Pasalnya dengan skema subsidi tetap, pemerintah akan memutuskan nilai Rupiah subsidi per liter. Jika harga keekonomian BBM sebesar Rp 10 ribu dan pemerintah memberikan subsidi tetap sebesar Rp 1000, maka masyarakat harus membeli BBM bersubsidi dengan harga Rp 9000/liter.

Artinya, jika harga minyak dunia naik dan nilai tukar rupiah melemah yang menyebabkan harga keekonomian BBM naik, maka harga BBM pun akan ikut naik. Begitu juga sebaliknya.

Menurut Menteri Koordinator Perekonomian Sofyan Djalil, kebijakan tersebut tidak perlu melalui mekanisme APBN Perubahan 2015 dan persetujuan Dewan Perwakilan Rakyat (DPR). “Tidak perlu. Solusi itu akan liat dampaknya ke APBN. Tak perlu izin DPR,” kata dia.
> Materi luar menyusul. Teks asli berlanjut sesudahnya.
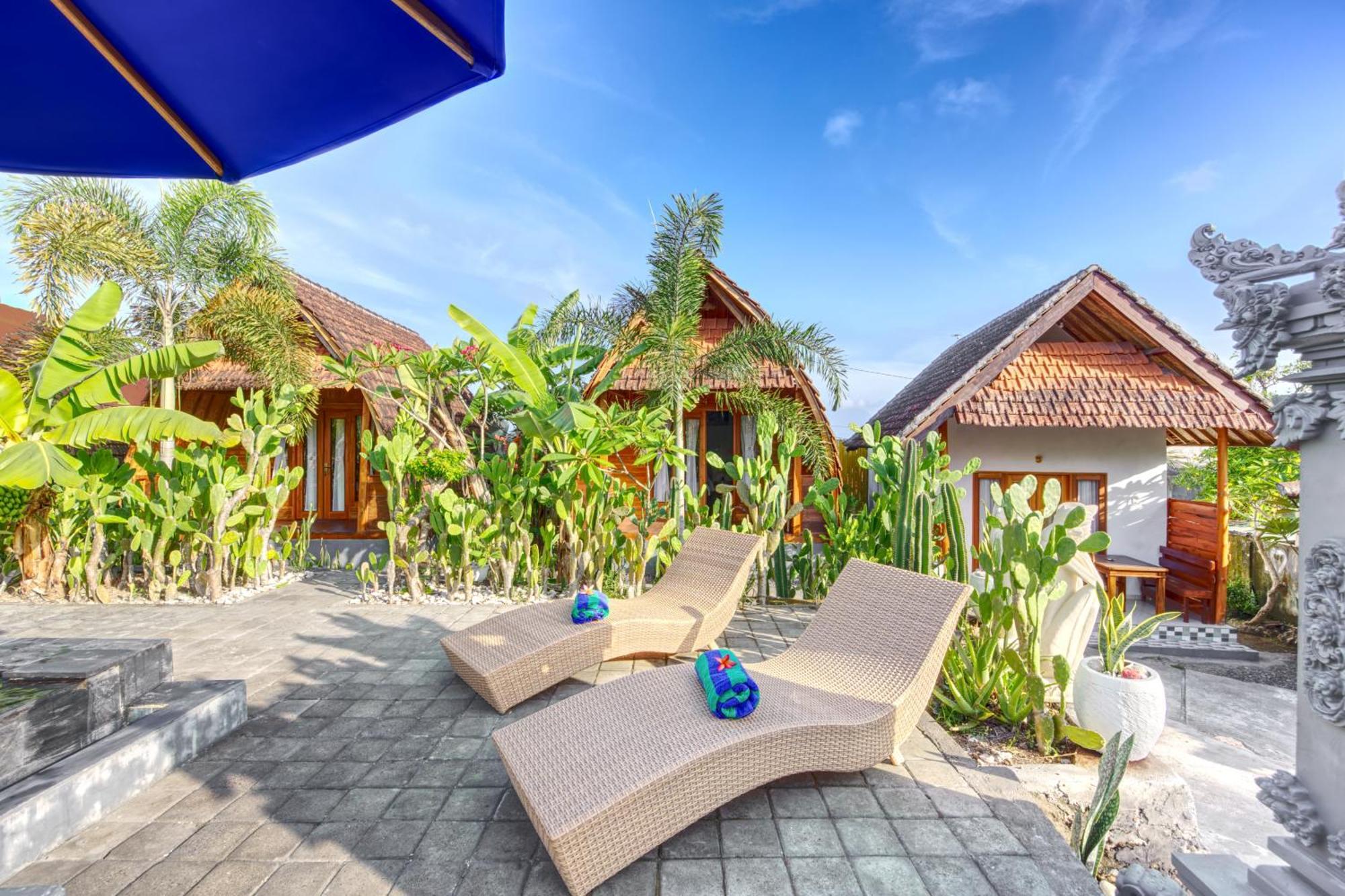 Kira Cottages Sakti Dış mekan fotoğraf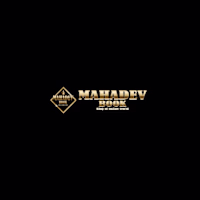 Mahadev Book avatar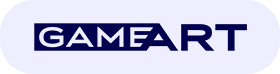 GameArt
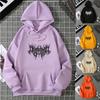 Hauts – Pulls et sweat-shirts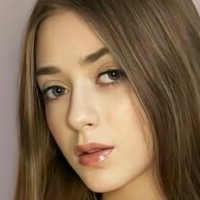 utiffany Alaston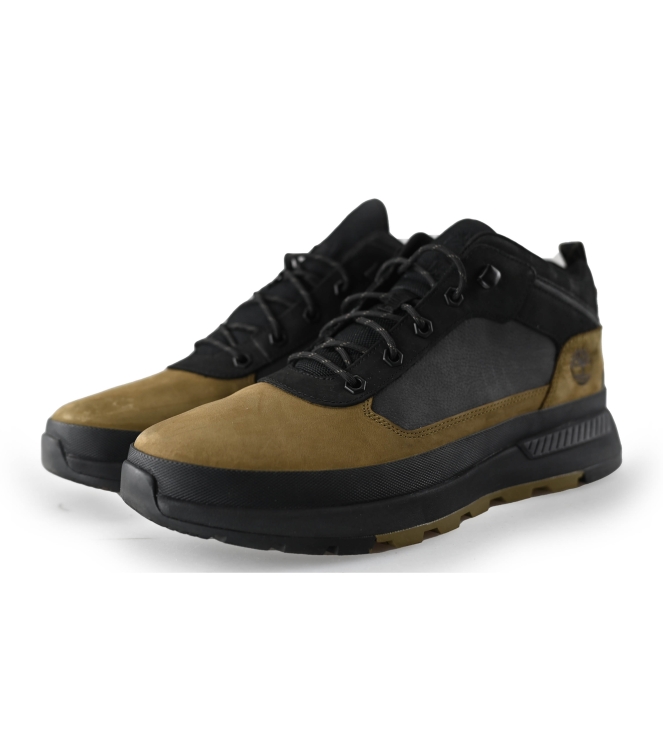 Timberland Sneakers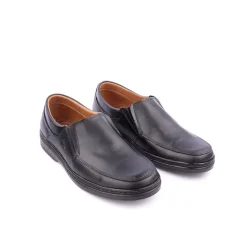 Casual / Desportivo*BC Sapato Preto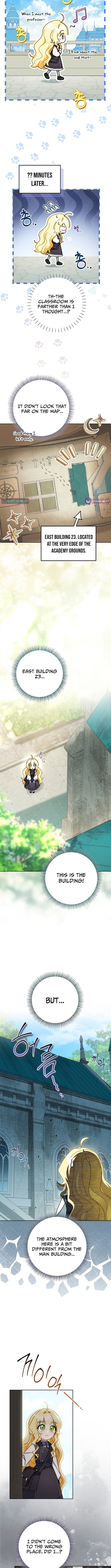 Read Is It Okay to Cry Now Manga Online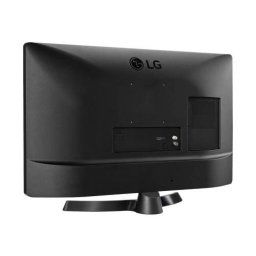 LG 28TN515V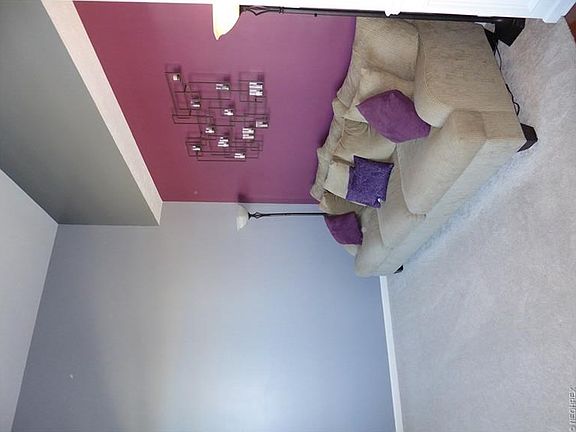 5th image of 17021 Woodshire Dr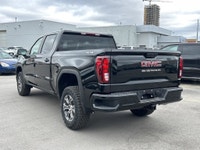 WAS: $71941 NOW: $58894 plus taxes and licensing feesDriven as demonstrator vehicle. Wallace Chevrol... (image 7)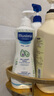 妙思乐（Mustela）儿童洗发沐浴二合一500ml 婴儿专用洗发水沐浴露法国进口 实拍图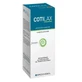 Specchiasol Cotilax 170Ml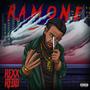 R.A.M.O.N.E (Explicit)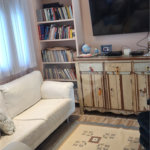 Casa à venda com 3 quartos, sendo 1 suíte, em Condomínio Flamboyant-b, Atibaia, SP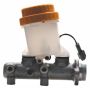 Raybestos MC39850 Raybestos Element3 New Master Cylinder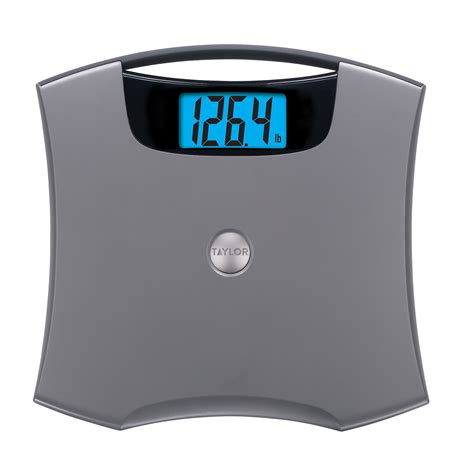 weight scale PNG transparent image download, size: 3000x3000px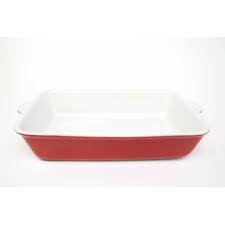 9 X 13 Baking Dishes Up To 40 Off Until 11 20 Wayfair Wayfair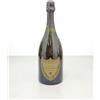 Champagne Dom Perignon 1985 Brut bott..75 cl 12.5%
Namun Menteri Keuangan Bambang Brodjonegoro, belum bisa menyebut berapa besaran subsidi tetap yang akan dianggarkan pemerintah untuk setiap liter BBM.

“Besaran masih harus dikonsultasikan dengan Presiden. Tapi, pemerintah memiliki beberapa opsi,” kata Bambang tanpa merinci opsi-opsi tersebut.

Apa Komentar Kamu?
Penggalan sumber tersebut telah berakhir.